The greatest survey 

Clear has published brand desire rankings for years; in the past those rankings were decided by a consumer survey. While that methodology was, according to Hiatt, “robust” and “sophisticated”, its replacement tells an interesting story about big data’s power in the modern marketing industry. Clients, she says, were starting to glean insights about the desirability of their brands from large data sources, but those sources weren’t joined up and might even tell conflicting stories. The brand desire engine is built around the goal of metabolising all that data into a clear understanding of desire. 

“We thought, there has to be a better way than just surveying a lot of people,” says Hiatt. “We’re not saying surveying isn’t a great tool. It’s absolutely part of our methodology here; it’s still hugely helpful and insightful. But we wanted to broaden that perspective and be more diligent with the data. 

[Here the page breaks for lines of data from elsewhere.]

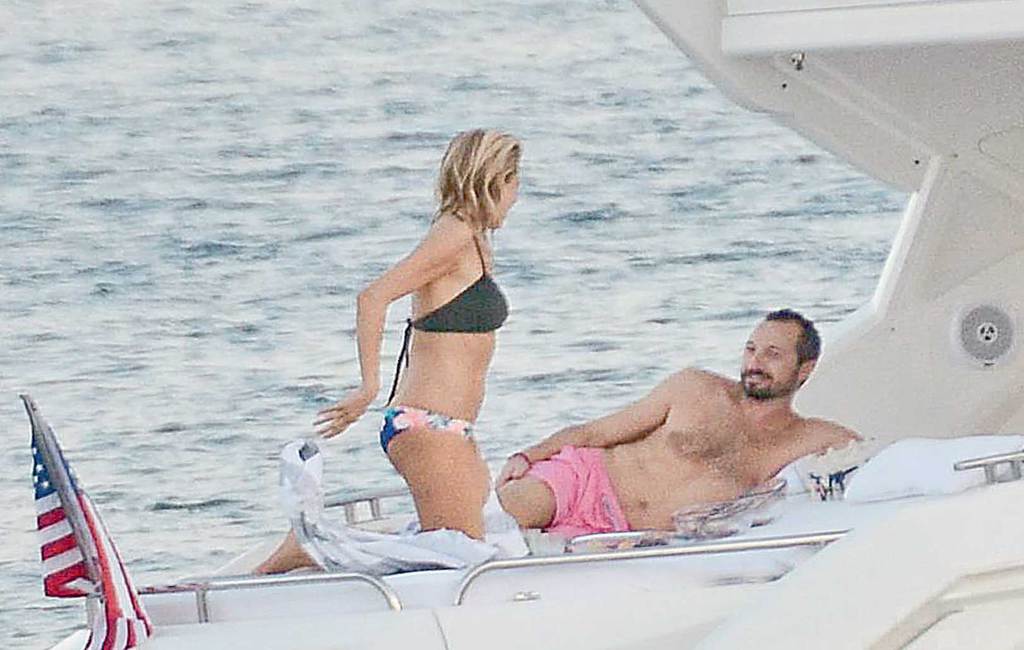 Ege'de deniz ve güneşin tadını çıkarıyorlar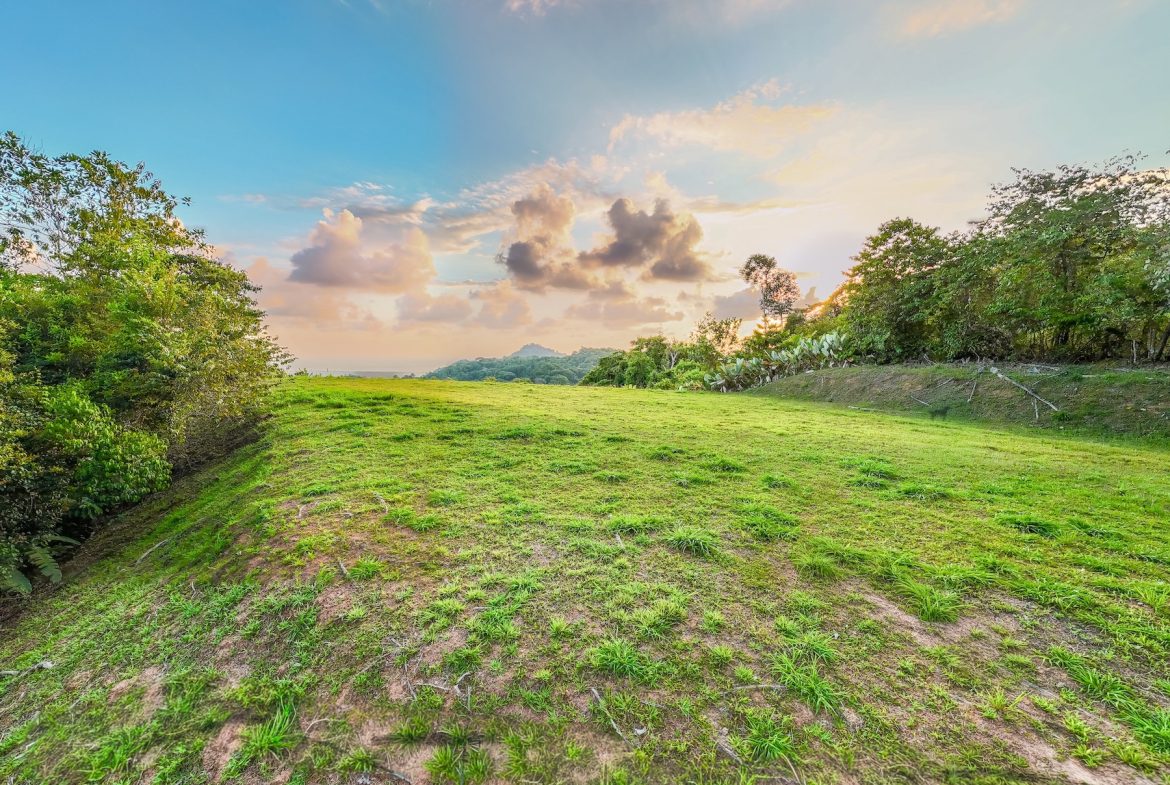 BUILDING PROPERTY WITH BEAUTIFUL VIEWS OF THE OCEAN AND SUNSET, IN TRES RIOS – 1.96 ACRES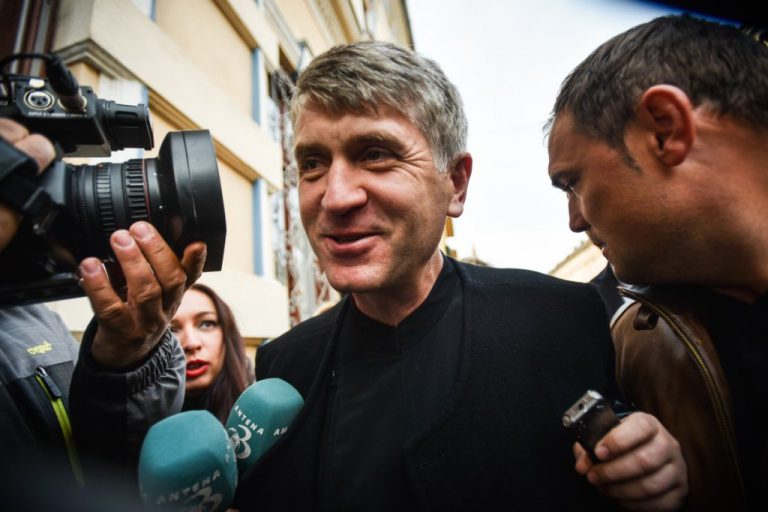 Cel mai cunoscut bărbat acuzat de pedofilie din România tânjește să-l atingă George Simion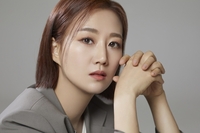 장윤정, 독감 때문에 부산 공연 연기…내년 3월 개최[공식]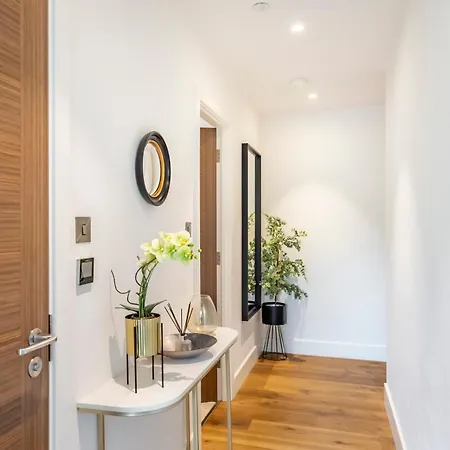 Апартаменты Waterfront @ Ryedale House *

The survey is a hundred-year old methodology, but, says Spencer, “the brand in 2022 is in a very different position to where we were in 1920 … We have huge datasets wrapping around the entire world, which we are codifying for the first time. We dont have to ask someone what they think or feel; we can go on to Twitter, we can look on search engines, we can get a strong point of view from review sites. All of this data is out there telling us what that brand is like, what it’s about, what’s good about it, what’s not so good about it. The problem is that it’s not being tapped; it’s not being derived properly.” 

Those data streams are many: M&C, they tell us, buys in almost £1m of data off-the-shelf from the likes of YouGov, Kantar and Google; it also feeds in reams of publicly-available data, and clients can add first-party data of their own. Set up at launch to spit out results for 200 top brands, and aiming to grow to map out “all brands that we can get good sizeable data on” (perhaps 5,000), they can feed in those data sources for other clients as they come along.